K. CLIMAX 2 di Francesco Gallo Mazzeo

Futurismo.

Centenario

 

I cento anni, li ha abbondantemente superati, visto che il suo

primo manifesto generale, il futurismo, lo ha visto pubblicato

sul quotidiano parigino “Le Figaro” nel 1909, incitando, gli artisti,

i giovani, i popoli, gli italiani, in particolare, ritenuti sonnacchiosi

e un po’ (in realtà, molto…) pigri, al coraggio, alla temerarietà,

all’energia, al pericolo. Certo, i suoi protagonisti e il suo linguaggio,

ci appaiono, per tanti versi, di un altro mondo, non fosse altro, che

per le certezze granitiche, di cui erano pieni, per le altisonanti

parole e affermazioni, non solo sul chiaro di luna, da abolire e sulla

asfaltatura del Canal Grande di Venezia, ma anche per l’esaltazione

acritica del macchinismo, della guerra, della violenza.
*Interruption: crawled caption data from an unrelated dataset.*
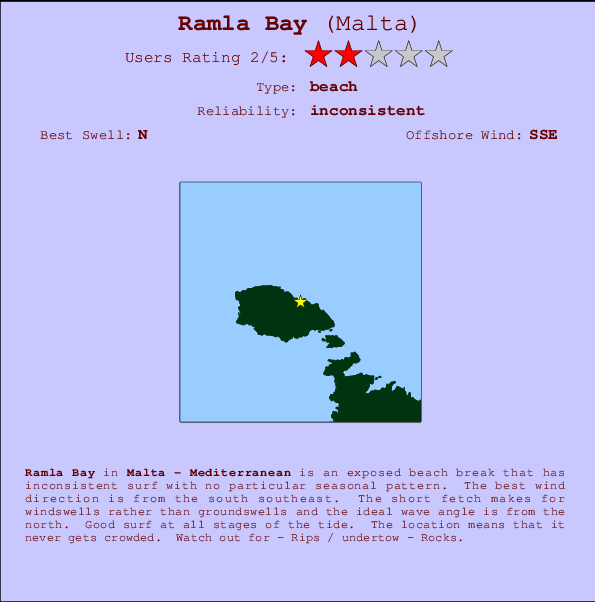 Ramla Bay Locatiekaart en surfstrandinformatie
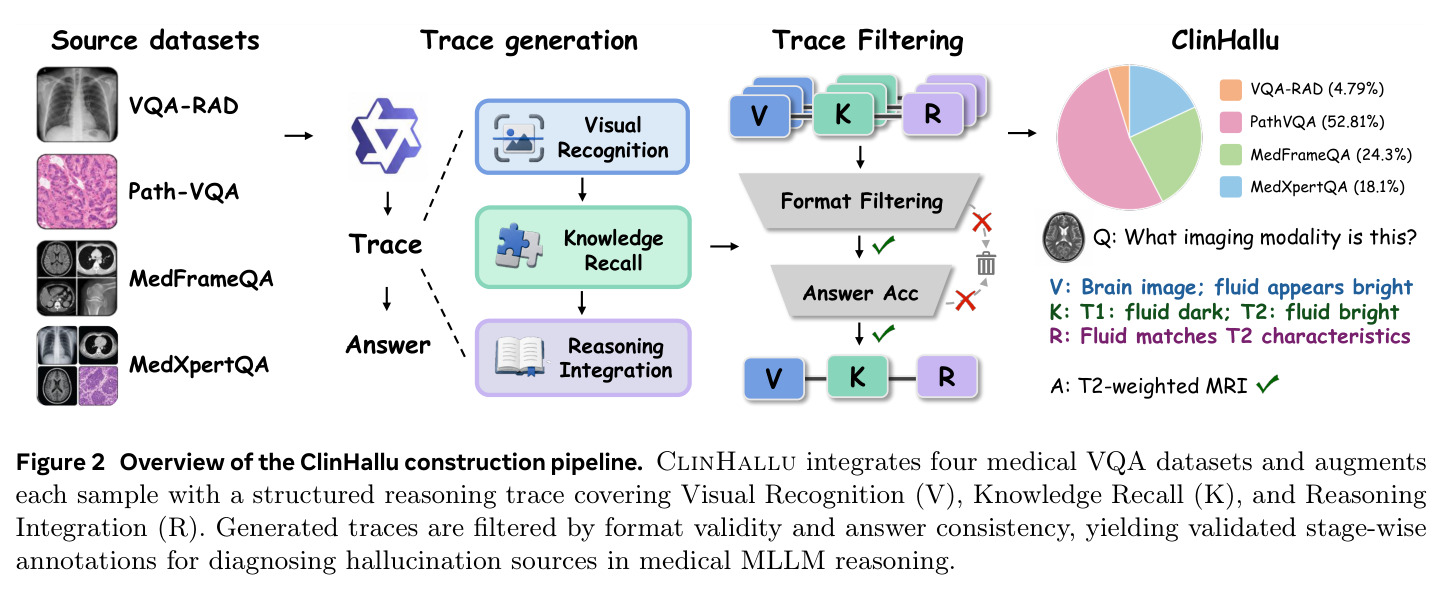 Overview of the ClinHallu construction pipeline.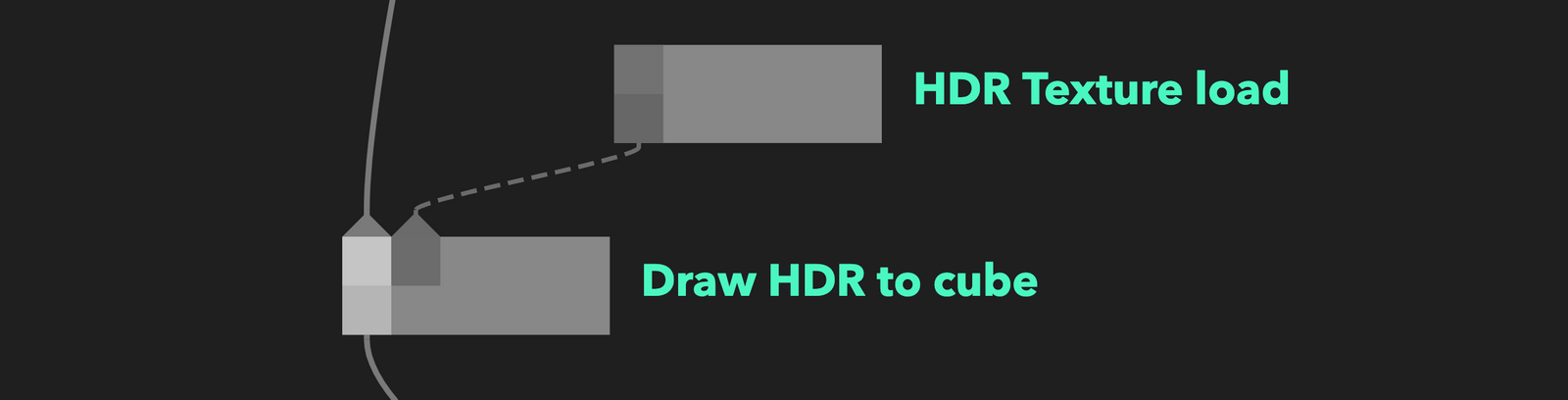 screenshot of loading hdr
Li accogliamo, non alla lettera, perché neanche essi stessi lo facevano,

ma per la loro forma e sostanza metaforiche, poetiche, teatrali, tese a

creare scandalo, dove c’era imperante un eccesso di tradizionalismo,

che è stanca banale ripetizione, mentre la tradizione, in sé, è gioia

umanistica del nuovo. Ritenevano mollicci e ritardatari, l’impressionismo,

l’espressionismo e reazionaria la secessione viennese. E, così, là dove

il cubismo è stato elitariamente pittorico, parigino e aristocratico,

il futurismo è stato interdisciplinare, interessando tutto l'universo delle

discipline artistiche, dalla pittura, alla scultura, dalla musica, alla poesia,

al teatro, all’architettura, all’urbanistica, ma sforando  anche su moda,

cucina e interessandosi anche di giovani, di vita quotidiana e politica.

Con il futurismo, si chiede un’epoca di minorità italiana, culturale e

artistica, rispetto a Vienna, a Parigi, a Londra; una minorità durata per

tutto il rapido ottocento (che però ci ha dato l’unità nazionale e il colosso

Giuseppe Verdi…) che ci aveva visto arretrare, già dal sei settecento,

dal primo posto che avevamo nel cinquecento. Il futurismo, è il “miracolo”

dell’Italia unita, che può coniugare talenti del nord e del sud, unificando

le tante “italiette” da barzelletta, che erano diventate, le già gloriose

repubbliche marinare e ducati vari, ridotti a puri fantasmi. Il futurismo

italiano è diventato poi secondo futurismo, aero futurismo,

futurismo internazionale, mondiale, riportando il nostro paese, in

rango e su pedana, da cui mancava dai secoli del Rinascimento,

proponendo una visione dell’arte aperta alla modernità, cioè ad una

ardita sperimentazione e contaminazione, ad una originalità non più

ancorata necessariamente al criterio delle belle arti, di brutto o di bello,

ma di un sistema di arti visive, orientate all’emozione, alla gestualità,

alla nozione di interesse sublimante. Da questo punto di vista,

il futurismo (come anche il cubismo e il dadaismo) rimane endemico,

perché ha conquistato il senso comune; esiste anche senza essere incarnato,

senza essere nominato, senza che Marinetti, Boccioni, Balla, Severini, Sant’Elia,

siano riconosciuti e salutati per strada; e di questo possiamo essere orgogliosi,

a patto di recepirlo, come un evento metodologico e non come un dogma.